It's no surprise that Scott Walker, Scott Fitzgerald (WI Senate Majority Leader) and their supporters responded to the WI Senate Dem walkout on Thursday, Feb 17th with accusations that the Dems were preventing democracy from taking place.
For starters, a Cap Times editorial informs us that
[w]hen Democratic members of the state Senate walked out of the Capitol on Thursday — denying the Republican majority the quorum necessary to pass the legislation — they were attacked by Walker and his cronies. The governor called the boycott a “stunt” and claimed the Democrats were disrespecting democracy.
After all, Walker’s backers noted, the governor and his Republican allies won an election last November.
That is true.
Further more, according to Bill Lueders, columnist for the Madison weekly The Isthmus,
The throng of reporters present – about two dozen in all – filed into a conference room, where Sen. Majority Leader Scott Fitzgerald spun the absence of his Democratic colleagues as a profound affront to the spirit of democracy embraced by his party.
“I’m not sure why they didn’t show up,” he stated, as though it were just the latest in a series of Democratic affronts. “The rest of the process, the Democrats didn’t participate. And today they just checked out.
“That’s not democracy,” Fitzgerald clucked. “This is the ultimate shutdown – not showing up for work.”

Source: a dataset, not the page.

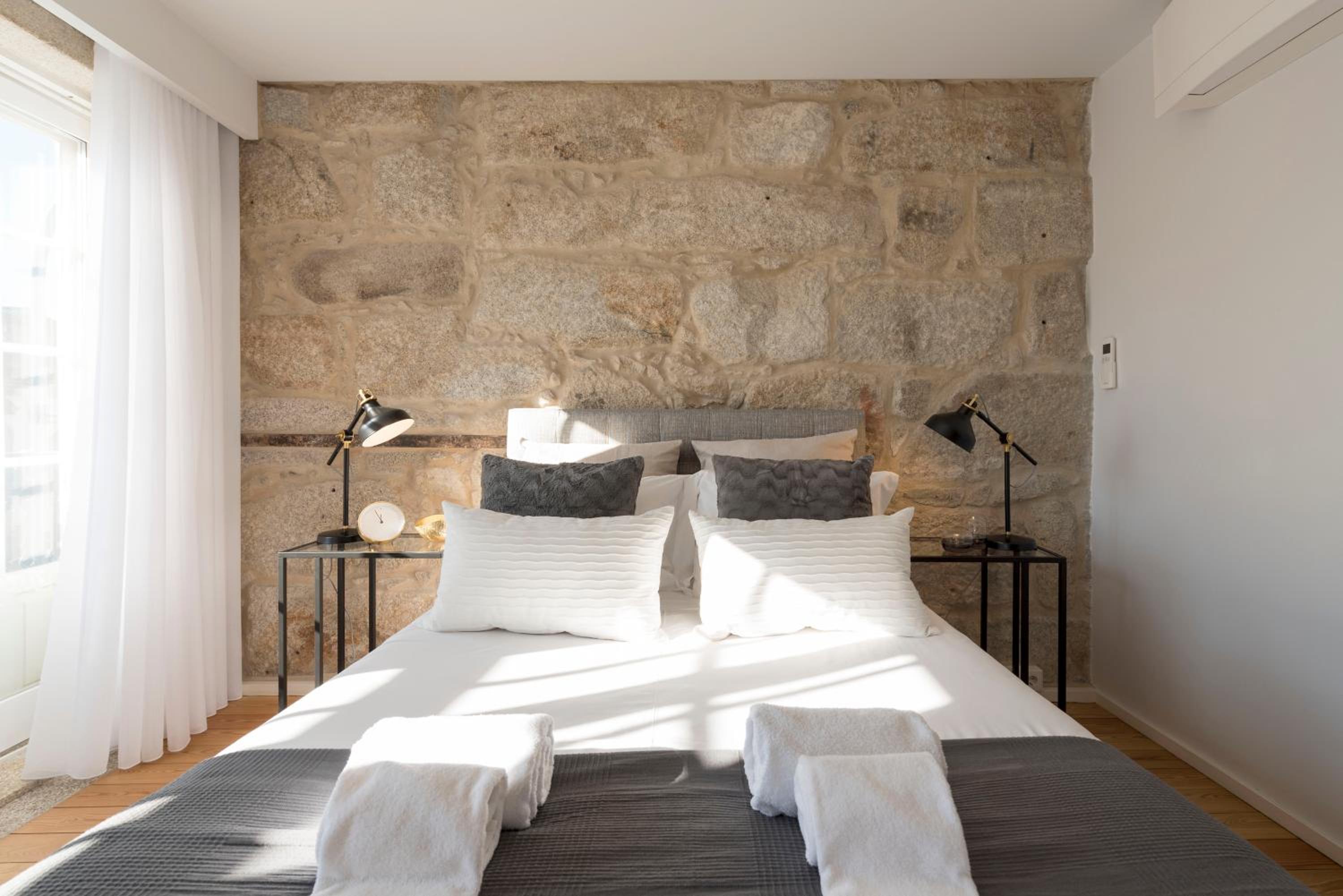 LovelyStay - Sao Domingos Apartment view 3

In other words, according to Fitzgerald, by trying to prevent a vote, WI Senate Dems are subverting democracy.
But wait... Isn't the filibuster process in the US Senate an effort to prevent a vote, and thus, by Fitzgerald's logic, a subversion of democracy?

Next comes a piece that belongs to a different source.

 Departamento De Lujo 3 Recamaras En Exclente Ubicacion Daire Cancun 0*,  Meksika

However, Republican hypocrisy isn't the point of this diary - the point is that Republicans, both in Wisconsin and across the country, are misconstruing the actual meaning of democracy, especially as elucidated in the First Amendment.
According to the Cap Times editorial, Republicans could use a bit of schooling from a young political science student at the University of Wisconsin:
David Vines, a University of Wisconsin student, joined the mass protests against Gov. Scott Walker’s attempt to strip public employee unions of their collective bargaining rights on Monday. The political science student marched on Tuesday, Wednesday and Thursday. He slept overnight in the Capitol to make sure that the Legislature did not approve Walker’s plan without a fight.
Why? “This is what the founders intended,” says Vine
The editorial goes on to quote the iconic Wisconsin governor, Fightin' Bob LaFollette, who said, basically, that democracy doesn't end at 8 (or 7, or 9) pm on election Tuesdays, but rather requires constant effort on the part of citizens. And that, of course is exactly what the First Amendment says:
“Congress shall make no law respecting an establishment of religion, or prohibiting the free exercise thereof; or abridging the freedom of speech, or of the press; or the right of the people peaceably to assemble, and to petition the government for a redress of grievances.”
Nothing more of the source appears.